Way back in 2001 we had a day where there was a definite theme: monkeys. We came across tons of monkey items, everything from kitschy ceramic monkeys (some of which I purchased) to a book about … The Monkees. We drove past a sign reading “Free Dirt — and Free Monkey with every load!” And then I found a homemade mixed tape in a box of cassettes called “Spankin’ the Funky Spunk Munky.”
Obviously I had to buy it, based purely on the name alone. I was extra-intrigued by the custom paint job on the cassette itself. I popped into Meghan’s car stereo and it actually turned out to be good, with tracks from the Bar-Kays, James Brown, Stevie Wonder, Hugo Montenegro, Barry White, and much more. There were also some funny spoken interludes like movie dialogue and weird cigarette commercials. This tape became our official yard sale theme tape and we played it at least once every single Saturday, until Meghan got a new car without a cassette player and the Funky Spunk Munky era came to a close.
I have to give respect to Meghan’s amazing sale memory, because she remembered that this was the same day that we went to a sale hosted by a wacky girl with a ton of crazy vintage and oddball stuff spread over her front lawn. Parked out front of her house was a scooter with a glittery sign reading “Funky Bunny’s Sparkle Shack.” She was about to move to L.A., which seemed entirely appropriate. I remember spending quite a lot of time looking through her stuff and chatting, and I’m sure I bought something, but I can’t remember what it was. Meghan purchased a stunning disco-themed lunchbox, which came with the original thermos … filled with booze. Nice! (I asked if she ever drank it, but she said no.)
I was pleasantly surprised to discover that we aren’t the only ones who remember this sale. This article from 2002 describes a local historian who spent some time going to yard sales and filming sellers as they parted with their junk:
Over the past three years, Dorpat has trolled Seattle’s weekend yard sales in search of bad art pieces and the people to share the stories behind them. He rolls his video camera to capture the precise moment the seller makes the release. The “Forsaken Art Project” is another of Dorpat’s projects in a life’s worth of projects.
And wouldn’t you know it, one of the sellers he filmed was the Funky Bunny herself!

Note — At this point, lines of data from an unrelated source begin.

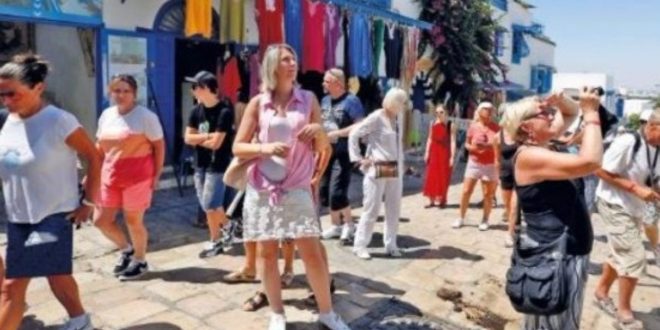 تونس تبدأ مساعي عودة السياحة بمباحثات مع فرنسا لعقد مؤتمر دولي نهاية الشهر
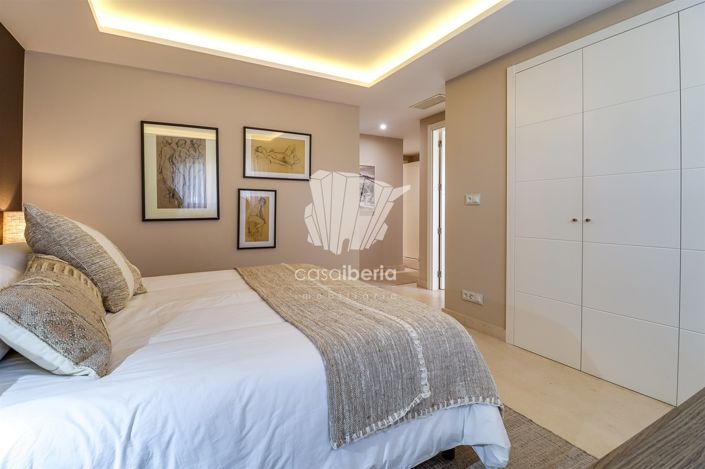 Image No.20-3 Bed Apartment for sale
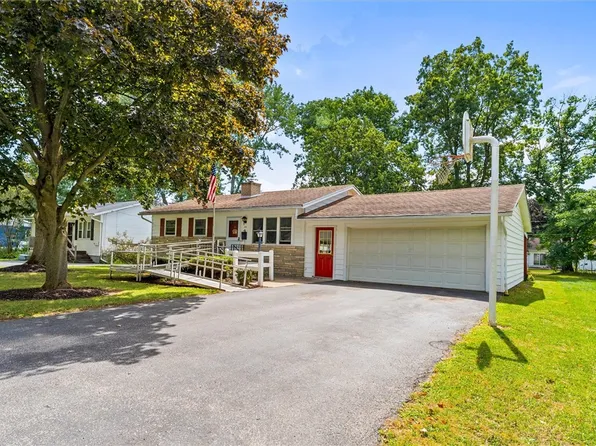 30 E Pkwy, Victor, NY 14564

I can’t find any more info about this project (is there some kind of curse on yard-sale-related movies that prevents me from being actually able to see any of them?), but it sounds completely fascinating. And it would be a bonus to get to revisit a sale we actually went to. In fact, now that I think about it, with all of the sales we were going to around then … I wouldn’t be surprised if Meghan and I recognized more than a few of the sales he filmed. Maybe some day I will get to find out!